The globalizing potential of cloud will begin to flow both ways
What I mean by this is that when it comes to cloud, business, the market, and the media have so far focused mostly on the impact of the global hyperscale IaaS providers – that is, Amazon (AWS), Microsoft Azure, and Google Compute Engine. To be fair, the focus has been on these players for good reason – this is where most businesses cut their teeth on how to use cloud, and it’s where they first start to test and grow in many cases. But as businesses start to mature into what I call a cloud mix – that is, matching the right workloads to the right clouds and providers – those businesses are starting to learn about all the other offerings that make up a really rich cloud provider ecosystem.

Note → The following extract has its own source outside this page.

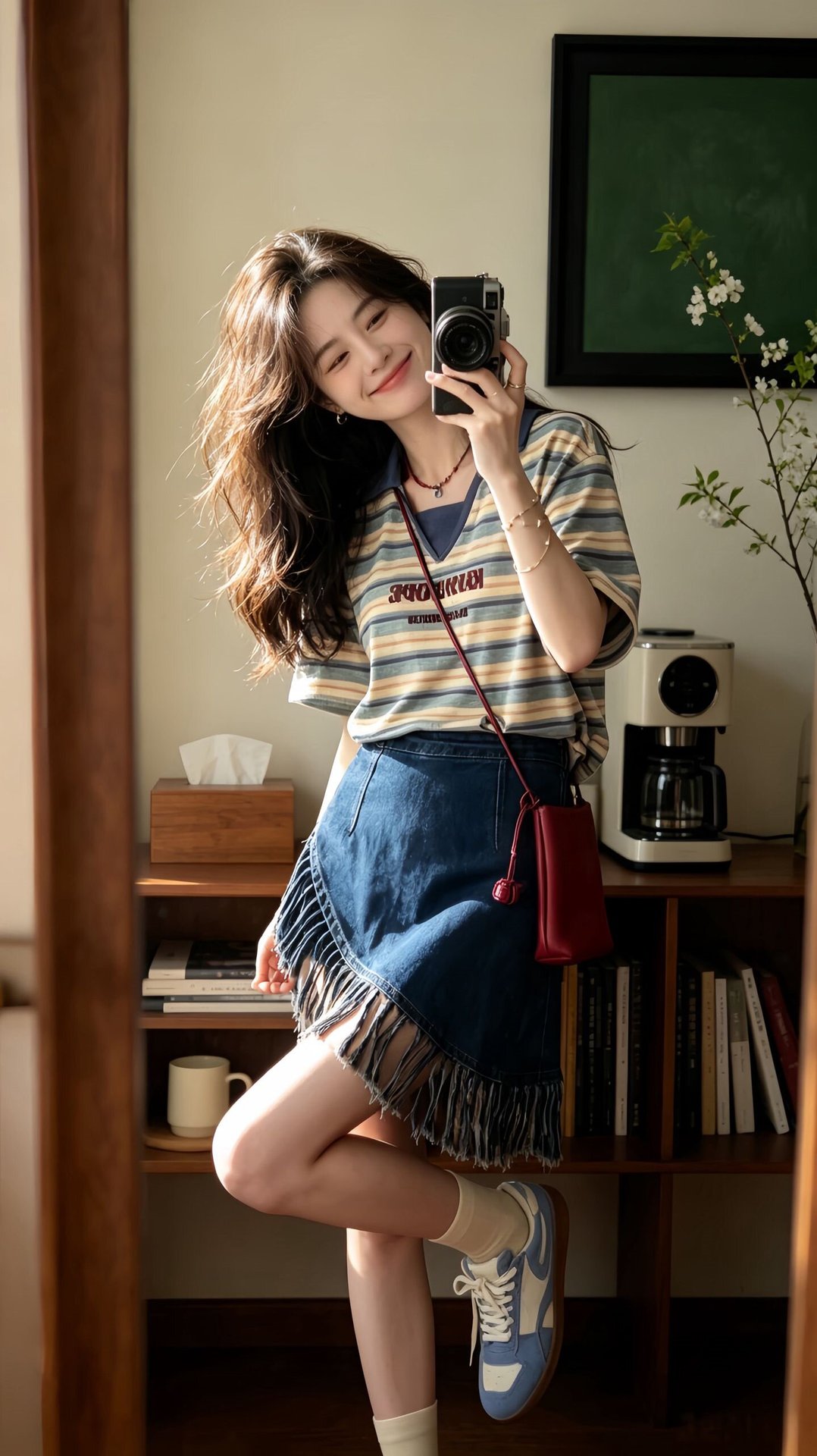 Bộ áo thun sọc ngắn tay kết hợp chân váy jean nữ phong cách Hàn Quốc — Trang chủ chi tiết 2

This next wave of adoption is all about looking at industry-specific clouds and application- or workflow-specific clouds that can offer a higher level of value or management to the end user – value that can actually lead to a competitive advantage in the instant-fulfilment world of cloud services.
Containerization, efficiency, and portability
Part of what’s enabling businesses to mature into a proper cloud mix is the evolution of both better cloud migration tools, as well as the advent of containerized virtualization. Both of these are enabling businesses to design their workloads to be not only much more efficient, but also more portable.
What does this mean? Well, for most businesses, one of the biggest challenges in moving to cloud, or moving from one cloud to another, is managing the migration of those workloads and data. With good migration tools and with containers, making workloads truly portable becomes a reality, and gets rid of many of the headaches and manual labour associated with migrations as well as reducing the burden of managing a hybrid cloud or cloud mix.